▶ **Assigned task**:
Working through the data below, reproduce word for word the line with "Fig. 03 - Fixation device for the talus" and every line after it, both ends included, and omit the pictures.

▶ **Input data**:
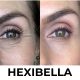 Hexibella MicroGlow Device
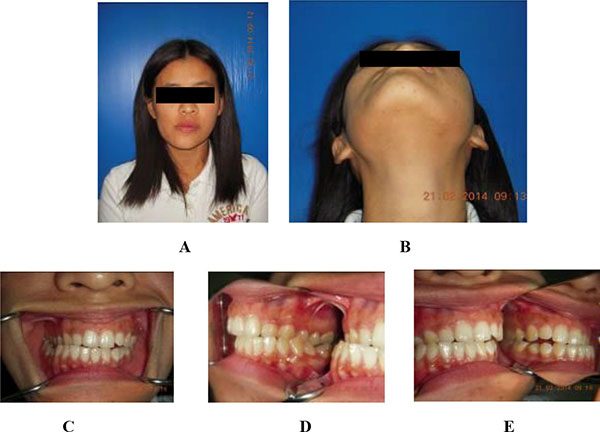 Dentofacial Deformity Caused by Bulky Osteochondroma: Report of an Unusual Case and the Importance of Cone Beam Computed Tomography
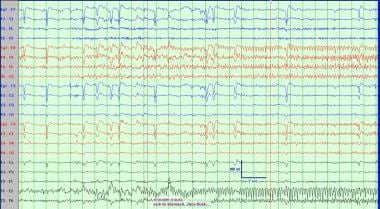 Ictal EEG recording of right temporal lobe epileps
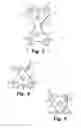 Fig. 03 - Fixation device for the talus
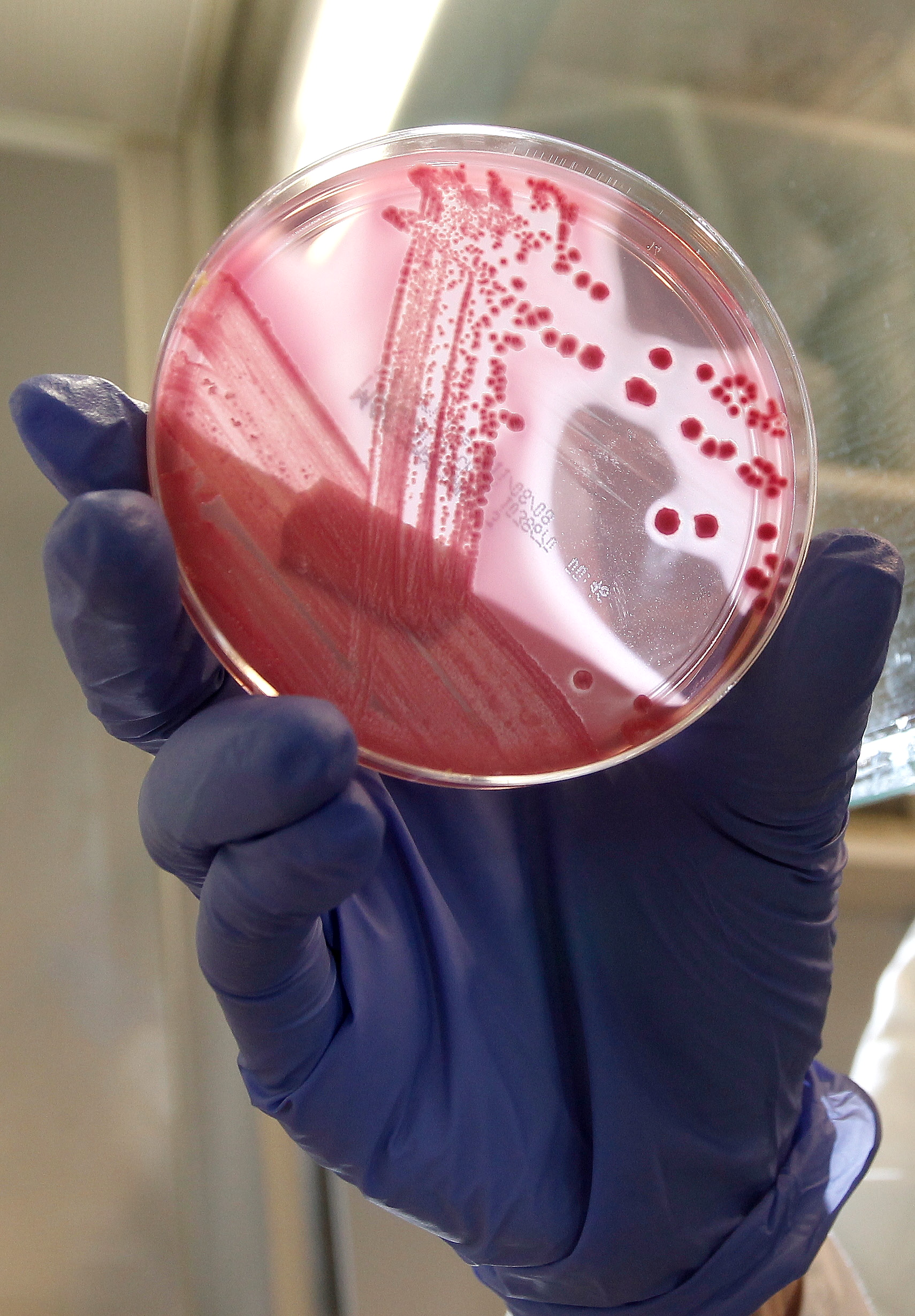 Här visar en person från sjukhuset i Hamburg upp en framodlad bakteriekultur av ehec-bakterien.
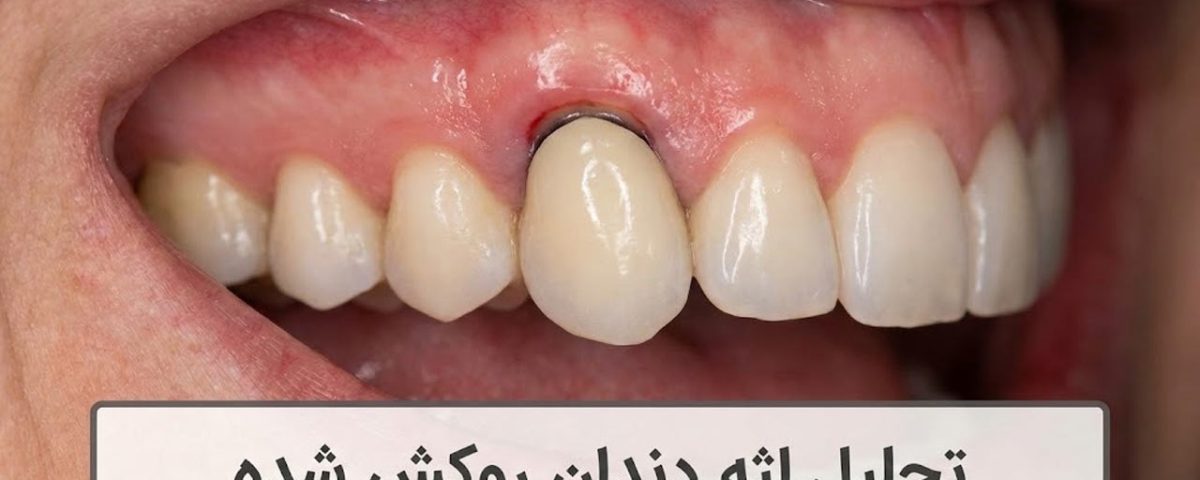 تحلیل لثه دندان روکش شده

▶ **Written response**:
 Fig. 03 - Fixation device for the talus
 Här visar en person från sjukhuset i Hamburg upp en framodlad bakteriekultur av ehec-bakterien.
 تحلیل لثه دندان روکش شده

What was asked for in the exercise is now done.